Having been involved in club administration and coaching it in both domestic, junior and senior representative programmes I see there is often a misunderstanding regarding development opportunities, programme revenue and player numbers.
There are several comments in this forum string that suggest larger player numbers in junior representative teams are a revenue-generating activity.
From my experience, multiple years as a club treasurer, this is not true.
Over the last 15 years that I have been involved as a coach, the limiting factor has been the availability of good coaches. Year on year, there are always more players trying out than there are positions available and this is due to the availability of a quality coach. Most clubs simply cannot get the number of volunteers to coach.
Most junior representative programmes train three to four hours a week, plus play on a Friday evening. Therefore it is training that makes up 75 to 80% of the development opportunity and the Friday night game only being 20 to 25% of the weekly activity.
At the club, I'm involved in the squad's train as a large group for the first 20 to 30 minutes of the training session. This is to ensure consistency of development for the entire age group. The individual teams then train for the remaining time as individual teams.
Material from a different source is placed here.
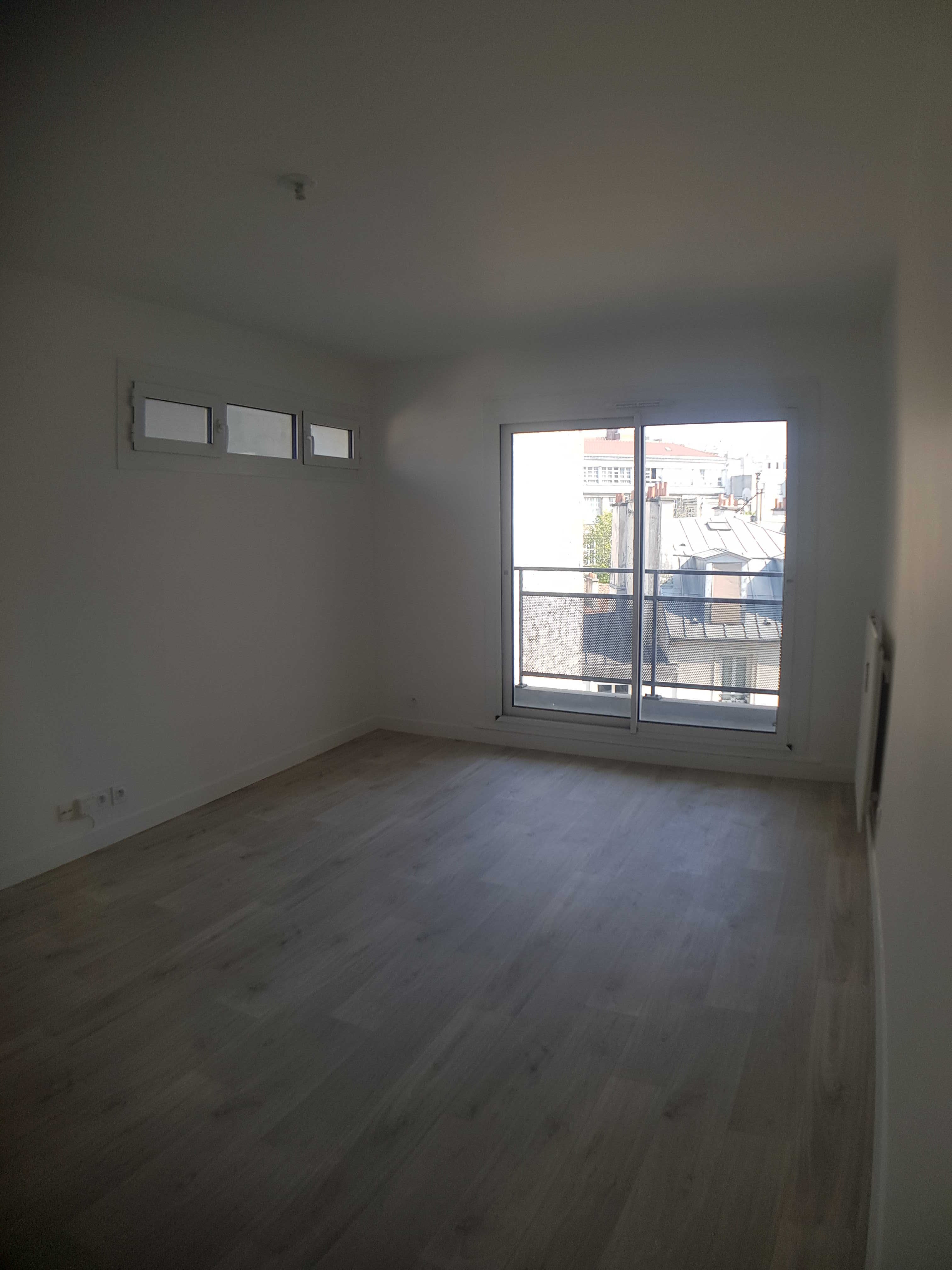 Flat Rue Henri Chevreau in Paris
As a coach, individual skills training is important, but, so too is teamplay and concepts of team offence and defence. therefore as the skill level in the programme improves the need to have ten players, 5 offence 5 defence, becomes more and more important. This is why junior programmes take 10 players per team it is not about revenue raising and it is not about fear of cutting players.
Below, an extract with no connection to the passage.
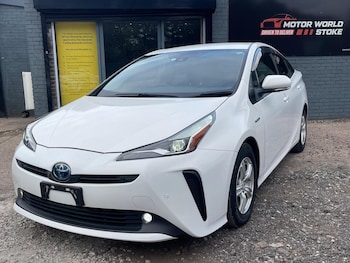 Used Toyota Prius 2020 for sale - 76154133: Photo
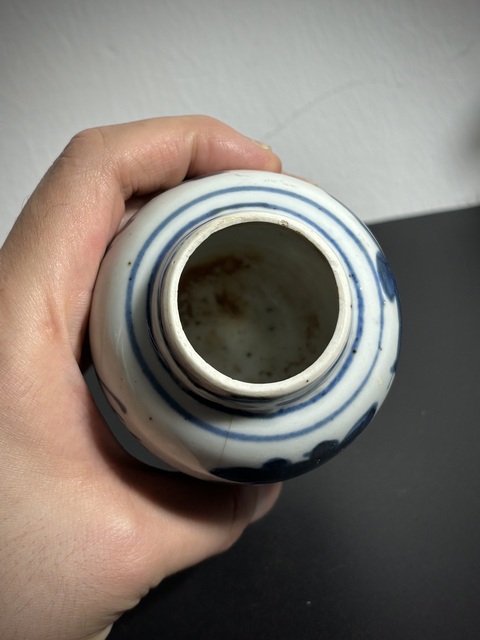 古玩陶瓷青花洞石花卉紋罐真品鑒賞圖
Addressing the original post. How to balance teams between top age players and bottom age development opportunities.
Assuming that the programme you coaching is sufficiently large enough that the top two teams will be predominantly top age and the bottom two teams would be predominantly bottom age.
If the skill gap is so large that you believe your 7th to 10 players will not get more than 10 minutes of court time per game then I would suggest you put the bottom age player down a team so they can continue to gain game experience. Personally, I would suggest you should never pick a player to who you are not prepared to give at least 15 minutes of court time to per game.
Now I do understand this can be extremely difficult for a coach in their first VC opportunity. My suggestion would be to remember you are dealing with children and you are having a bigger impact on them than you realise. Do what is best for the player long term.